English actor (born 1948)

Ronald G. Cook (born 1 December 1948) is an English actor. He has been active in film, television and theatre since the 1970s.

== Early life ==
Cook was born in 1948 in South Shields, County Durham, the son of a school cook and a car worker. When he was 6, his family moved to Coventry; he went to Wyken Croft Junior School and then Caludon Castle School and is a graduate of Rose Bruford College.

== Career ==
On stage, he appeared in the original 1988 production of Timberlake Wertenbaker's play Our Country's Good. He was nominated for a Laurence Olivier Award in the category of Best Supporting Actor in 2000 for his role in Juno and the Paycock at the Donmar Warehouse. He appeared at the same theatre the same year in Helpless.

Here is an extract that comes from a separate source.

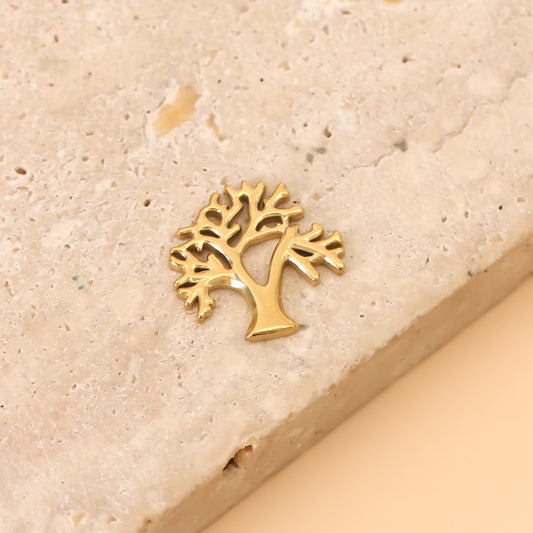 Lot de 3 Pendentifs Arbre De Vie Doré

He appeared in Conor McPherson's play The Seafarer, In 2008–2009, he took part in the Donmar's West End season at Wyndham's Theatre, playing Sir Toby Belch in Twelfth Night and Polonius in Hamlet. In 2011, he played The Fool in King Lear starring Derek Jacobi at the Donmar and on an 8-week tour. In 2013, Cook played the part of Pistol in Michael Grandage's Henry V (with Jude Law in the title role). From November 2015 to February 2016 he played Max in The Homecoming at Trafalgar Studios, and later appeared at the Donmar Warehouse as Teddy in Brian Friel's Faith Healer in 2016. From November 2016 to January 2017, Cook appeared in Lucy Kirkwood's new play The Children at The Royal Court Theatre with Francesca Annis and Deborah Findlay. In July 2017, he appeared as Dr Walker at The Old Vic in Girl from the North Country.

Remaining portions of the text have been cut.